While walking through deep forest last weekend with a game warden … snow nearly 3 foot deep and no snowshoes… I learned a lovely “Indian trick”… to walk directly on the deer paths visible in the snow. As deer walk their paths through the winter, the snow is compacted. So while the 3-foot deep snow off the paths had us floundering, walking directly on the deer paths provided solid, easy footing.
MEASURING SPRING ICE DEPTHS
River ice is to be measured for the next week to develop a forecast for when the first commercial barges might be able to come north through Lake Pepin. According to KTTC, Rochester, MN, the ice is measured at 25 coordinates between Wabasha and Frontenac, Minnesota.
The tows generally begin pushing up river in mid-March, but ice depths must drop below 12 inches. Currently, the ice is still 17 inches thick. If necessary, barges are lined up in SINGLE FILE to get through the ice. It’s called “mule training.” One new barge dispatcher remarked, “I didn’t even know we still used mules!”
For some great photos and observations from one of those towboat pilots who had to push through Lake Pepin every year, I recommend ONE MAN and the MIGHTY MISSISSIPPI by Capt. Norman Hillman.
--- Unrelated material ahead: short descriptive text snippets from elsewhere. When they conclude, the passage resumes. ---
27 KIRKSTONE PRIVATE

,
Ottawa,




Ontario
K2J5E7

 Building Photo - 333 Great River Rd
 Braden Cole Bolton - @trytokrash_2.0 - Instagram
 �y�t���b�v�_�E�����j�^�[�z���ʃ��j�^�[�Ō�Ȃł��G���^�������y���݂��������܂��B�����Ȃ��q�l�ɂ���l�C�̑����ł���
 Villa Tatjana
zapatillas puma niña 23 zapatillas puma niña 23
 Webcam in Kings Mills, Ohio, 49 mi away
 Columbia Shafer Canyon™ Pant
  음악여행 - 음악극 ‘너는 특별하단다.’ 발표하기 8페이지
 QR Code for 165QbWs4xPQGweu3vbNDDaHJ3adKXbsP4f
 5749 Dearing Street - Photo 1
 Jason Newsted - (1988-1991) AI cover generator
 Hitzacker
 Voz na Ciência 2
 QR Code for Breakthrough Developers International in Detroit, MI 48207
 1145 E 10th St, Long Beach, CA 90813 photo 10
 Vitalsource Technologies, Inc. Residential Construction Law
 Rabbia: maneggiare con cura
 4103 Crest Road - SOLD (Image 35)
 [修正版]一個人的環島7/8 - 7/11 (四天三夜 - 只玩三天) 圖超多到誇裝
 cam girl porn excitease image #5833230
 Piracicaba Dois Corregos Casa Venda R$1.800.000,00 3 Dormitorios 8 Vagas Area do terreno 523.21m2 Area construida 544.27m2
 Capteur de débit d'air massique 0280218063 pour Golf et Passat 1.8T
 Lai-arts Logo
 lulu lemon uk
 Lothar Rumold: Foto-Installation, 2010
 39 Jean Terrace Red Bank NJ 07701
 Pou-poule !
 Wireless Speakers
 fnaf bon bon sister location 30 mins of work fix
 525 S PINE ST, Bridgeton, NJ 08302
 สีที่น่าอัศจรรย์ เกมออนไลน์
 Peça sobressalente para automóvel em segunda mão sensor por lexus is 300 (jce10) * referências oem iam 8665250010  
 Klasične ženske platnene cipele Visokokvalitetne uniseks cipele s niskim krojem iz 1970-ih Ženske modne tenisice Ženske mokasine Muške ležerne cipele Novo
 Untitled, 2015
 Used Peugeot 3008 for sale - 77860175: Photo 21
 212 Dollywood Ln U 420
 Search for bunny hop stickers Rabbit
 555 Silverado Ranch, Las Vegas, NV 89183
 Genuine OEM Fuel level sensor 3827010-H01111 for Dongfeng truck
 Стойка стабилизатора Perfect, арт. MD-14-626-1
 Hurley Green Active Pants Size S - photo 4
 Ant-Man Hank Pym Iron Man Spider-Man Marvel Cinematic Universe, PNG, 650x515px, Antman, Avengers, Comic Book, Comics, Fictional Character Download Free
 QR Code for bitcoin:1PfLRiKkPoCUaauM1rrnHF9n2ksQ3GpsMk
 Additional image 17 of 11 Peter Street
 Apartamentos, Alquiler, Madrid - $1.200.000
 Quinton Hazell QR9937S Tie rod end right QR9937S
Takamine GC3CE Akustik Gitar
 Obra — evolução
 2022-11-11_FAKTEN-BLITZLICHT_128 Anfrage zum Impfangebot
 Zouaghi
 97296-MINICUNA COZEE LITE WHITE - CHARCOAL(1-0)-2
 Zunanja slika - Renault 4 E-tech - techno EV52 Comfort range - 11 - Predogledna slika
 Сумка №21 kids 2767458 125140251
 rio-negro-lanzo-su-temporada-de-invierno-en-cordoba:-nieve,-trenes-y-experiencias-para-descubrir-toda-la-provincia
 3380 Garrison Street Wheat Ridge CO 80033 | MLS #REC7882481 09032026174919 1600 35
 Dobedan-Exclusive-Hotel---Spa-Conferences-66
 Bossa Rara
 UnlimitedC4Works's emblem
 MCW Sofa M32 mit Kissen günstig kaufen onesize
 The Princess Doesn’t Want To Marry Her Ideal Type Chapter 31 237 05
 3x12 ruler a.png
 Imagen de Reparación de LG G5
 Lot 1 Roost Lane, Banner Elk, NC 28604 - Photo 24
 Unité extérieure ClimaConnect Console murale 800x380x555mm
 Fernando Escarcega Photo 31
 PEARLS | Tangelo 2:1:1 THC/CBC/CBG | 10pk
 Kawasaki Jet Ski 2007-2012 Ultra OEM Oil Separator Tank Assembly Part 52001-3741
Look for the “Riverbooks” dock on the home page at www.greatriver.com
MORE SNOW! and dealing with the MELTOFF
Finally we are expecting more snow today, hopefully without any plummeting temperatures. Snow was melting yesterday, so talk of spring floods is starting to perculate. Thus far, official suggestions are that flooding will not be a big issue along the Upper Mississippi. But we haven’t seen this much snow in many years, either. My guess is that further down river flooding will be more of an issue. So we will be posting updates as we get them.